Sunday, November 10, 2013

Veterans Day: Incorporating Veterans into your Classroom

By Margaret Duncan, Ed.D.

On the 11th hour of the 11th day of the 11th month of 1918, an armistice was declared between the Allied nations and Germany in the First World War. This war, the so called "Great War" and “War to End All Wars” was officially over.  A year later, the day was commemorated as Armistice Day and would later be a legal federal holiday in the United States starting in 1938. It is because more wars would follow that Armistice Day would evolve into Veterans Day.  This evolution allows for all Veterans of all wars be honored. 
Vietnam Veteran Jack Deleshaw speaking to students
As a teacher, I have over the years attempted to invite Veterans into my classroom and school to speak to students.  Within my career, I have been honored to have Veterans from World War II, Korea and Vietnam speak.  At the beginning of my career, WWII veterans were easy to get, however, over the years I had to make the switch to Vietnam veterans.  It saddens me that we are losing so many members of this “Greatest Generation” daily.  I am lucky to have as many speak as I did.  For the last 12 years my school has coordinated a Vietnam Speaker Event for all 10th and 11th grade students.  This annual event has been replicated at other schools with great success.  

I have worked with the same Vietnam Veteran’s group for many years.  The Henry County wing of the Atlanta Vietnam Veterans Business Association has always been good to my students, my school, and me. Each year, I have had between 10-12 Veterans take time out of their life to share experiences with students.  In 2011, my school was lucky enough to get Medal of Honor recipient Colonel Joe Marm speak.  Col. Marm was awarded the Medal of Honor for his actions at the Battle of Ia Drang. 

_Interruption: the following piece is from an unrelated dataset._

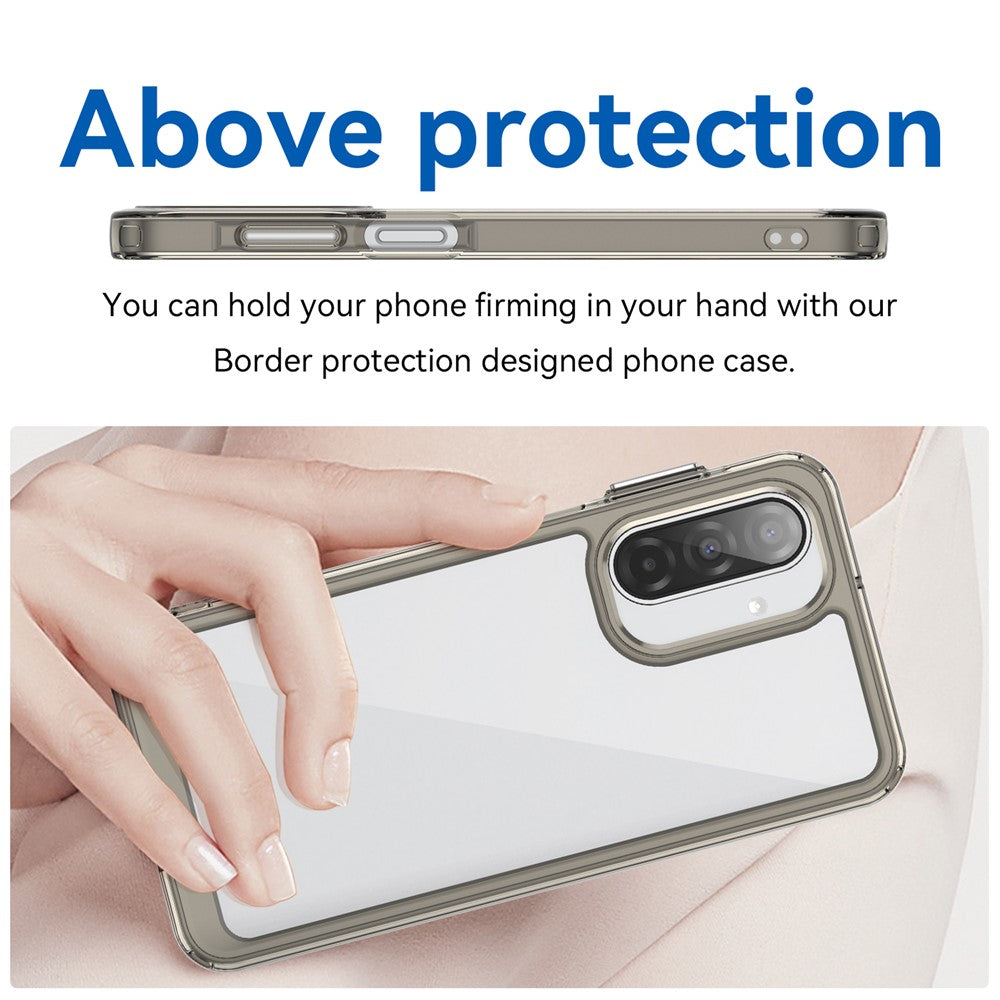 For Samsung Galaxy A17 5G Phone Case WANLONFENG XC Series TPU Acrylic Cover with Tempered Glass (Big Lens Hole) - Transparent Grey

Medal of Honor Recipient Col. Joe Marm and Me
at the 2011 Vietnam Veteran Speaker Event.
 While Veterans Day is for all Veterans—Past and Present, the day should not be confused with Memorial Day.  This confusion is often made by my students.  Whereas, Memorial Day is to honor all service members who died in service to their country or as a result of injuries incurred during battle, Veterans Day pays tribute to all American veterans--living or dead.  Veterans Day is so that we can give thanks to living veterans who served their country honorably during war or peacetime.